Student 1 (reading from checklist notebook): “Chain at proper tension?”.
Student 2 (checks chain tension) “Chain at proper tension.”
Student 1 (Checks of item): “Chain at proper tension - check.”

Then they move on to the next item.

All the system checks are done immediately after the robot comes off the field. There is a final “list of lists” that is checked off to confirm that everything is done. There is a new list for every match.

Right before the match, there is a “Power up check” done the same way, but this actually tests the functionality of the robot (things like “lift runs up”, “upper limit switch operates”, etc.
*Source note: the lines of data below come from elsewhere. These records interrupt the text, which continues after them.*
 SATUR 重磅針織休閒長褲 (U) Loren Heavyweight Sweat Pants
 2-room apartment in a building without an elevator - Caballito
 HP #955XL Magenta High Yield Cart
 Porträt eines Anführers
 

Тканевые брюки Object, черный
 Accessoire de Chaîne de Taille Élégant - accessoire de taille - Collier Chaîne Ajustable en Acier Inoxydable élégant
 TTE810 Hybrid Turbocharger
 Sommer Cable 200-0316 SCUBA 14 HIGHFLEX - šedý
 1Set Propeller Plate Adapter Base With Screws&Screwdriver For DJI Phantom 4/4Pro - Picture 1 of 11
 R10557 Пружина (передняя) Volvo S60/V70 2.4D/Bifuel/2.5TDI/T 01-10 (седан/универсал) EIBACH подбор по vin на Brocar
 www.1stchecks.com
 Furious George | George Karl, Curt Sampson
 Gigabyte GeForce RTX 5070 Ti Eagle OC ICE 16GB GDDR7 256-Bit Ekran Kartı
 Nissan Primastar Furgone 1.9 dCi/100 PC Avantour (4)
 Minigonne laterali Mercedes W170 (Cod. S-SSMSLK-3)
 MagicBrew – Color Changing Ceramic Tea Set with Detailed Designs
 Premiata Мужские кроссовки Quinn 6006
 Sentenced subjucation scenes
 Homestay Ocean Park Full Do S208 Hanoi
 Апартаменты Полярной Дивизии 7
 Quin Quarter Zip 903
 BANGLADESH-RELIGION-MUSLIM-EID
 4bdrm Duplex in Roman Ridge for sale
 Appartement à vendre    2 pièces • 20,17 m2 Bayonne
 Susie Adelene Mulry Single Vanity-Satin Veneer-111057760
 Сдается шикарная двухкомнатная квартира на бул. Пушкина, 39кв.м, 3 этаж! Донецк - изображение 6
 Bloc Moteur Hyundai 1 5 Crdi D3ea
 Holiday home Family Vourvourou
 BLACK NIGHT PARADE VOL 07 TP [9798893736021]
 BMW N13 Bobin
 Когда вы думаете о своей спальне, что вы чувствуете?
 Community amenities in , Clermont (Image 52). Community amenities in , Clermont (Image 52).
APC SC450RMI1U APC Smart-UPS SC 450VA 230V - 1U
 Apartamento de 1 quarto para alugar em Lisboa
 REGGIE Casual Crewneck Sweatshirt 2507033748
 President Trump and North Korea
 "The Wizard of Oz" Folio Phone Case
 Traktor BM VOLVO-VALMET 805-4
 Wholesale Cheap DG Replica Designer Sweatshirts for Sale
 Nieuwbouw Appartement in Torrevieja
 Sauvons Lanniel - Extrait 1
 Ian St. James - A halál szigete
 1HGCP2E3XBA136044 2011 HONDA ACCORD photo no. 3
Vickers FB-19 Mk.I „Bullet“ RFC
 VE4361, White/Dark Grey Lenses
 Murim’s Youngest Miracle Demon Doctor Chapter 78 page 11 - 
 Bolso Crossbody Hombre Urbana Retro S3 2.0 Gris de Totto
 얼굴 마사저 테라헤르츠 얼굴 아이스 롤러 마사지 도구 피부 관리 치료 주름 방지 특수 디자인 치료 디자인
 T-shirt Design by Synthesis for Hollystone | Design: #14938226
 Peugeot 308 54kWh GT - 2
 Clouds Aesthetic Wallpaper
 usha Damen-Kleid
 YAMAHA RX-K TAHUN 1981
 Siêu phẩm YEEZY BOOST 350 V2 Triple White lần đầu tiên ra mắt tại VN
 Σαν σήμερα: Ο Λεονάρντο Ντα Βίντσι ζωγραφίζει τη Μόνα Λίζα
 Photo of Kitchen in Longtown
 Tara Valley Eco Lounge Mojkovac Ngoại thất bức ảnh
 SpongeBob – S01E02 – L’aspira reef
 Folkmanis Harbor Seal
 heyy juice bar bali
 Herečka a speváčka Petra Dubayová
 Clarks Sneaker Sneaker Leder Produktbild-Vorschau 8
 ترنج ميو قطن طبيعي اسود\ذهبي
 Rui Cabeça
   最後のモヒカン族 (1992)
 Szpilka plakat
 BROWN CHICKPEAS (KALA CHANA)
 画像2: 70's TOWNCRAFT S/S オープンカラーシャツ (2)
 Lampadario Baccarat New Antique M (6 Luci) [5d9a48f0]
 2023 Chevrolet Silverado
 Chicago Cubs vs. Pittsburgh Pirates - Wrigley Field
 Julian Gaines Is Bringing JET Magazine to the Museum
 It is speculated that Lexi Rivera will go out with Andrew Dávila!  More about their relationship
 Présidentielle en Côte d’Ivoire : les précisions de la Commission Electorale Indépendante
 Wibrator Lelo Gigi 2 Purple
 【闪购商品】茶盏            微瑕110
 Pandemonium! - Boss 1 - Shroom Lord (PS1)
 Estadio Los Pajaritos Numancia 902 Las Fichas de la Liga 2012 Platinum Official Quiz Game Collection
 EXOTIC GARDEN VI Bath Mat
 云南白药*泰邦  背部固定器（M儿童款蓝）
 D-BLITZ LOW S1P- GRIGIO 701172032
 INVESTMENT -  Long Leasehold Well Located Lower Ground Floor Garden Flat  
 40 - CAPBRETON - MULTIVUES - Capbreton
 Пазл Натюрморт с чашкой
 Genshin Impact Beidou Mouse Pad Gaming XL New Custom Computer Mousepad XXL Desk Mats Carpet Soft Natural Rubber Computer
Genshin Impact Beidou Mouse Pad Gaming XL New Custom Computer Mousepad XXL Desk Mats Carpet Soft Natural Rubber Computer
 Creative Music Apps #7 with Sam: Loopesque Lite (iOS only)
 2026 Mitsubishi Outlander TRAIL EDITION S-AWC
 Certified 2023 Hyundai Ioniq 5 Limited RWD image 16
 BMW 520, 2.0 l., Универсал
It may seem like a lot, but that’s what the small swarm of students are doing around our robots holding all of those black notebooks. It has worked very well for us, finding things that could have been problems before they occur and (more often than I’d like to admit) finding that something that had failed had not actually been checked after the previous match - everything is initialed, so we can figure out how things go wrong.

The lists are best if they are made specifically for your robot and it’s functionality.

  • Mr. Van
    Coach, Robodox

Never use a 1" bolt when a 4" bolt will do.

Our Ultimate Ascent robot was our most complex, and we did not have checklists. Every other match we had something not work that should have been on the checklist.

Another important thing for the in-queue checklist is to ensure that you’ve swapped over to radio-controlled mode rather than tethered, especially if you hit the practice field between matches.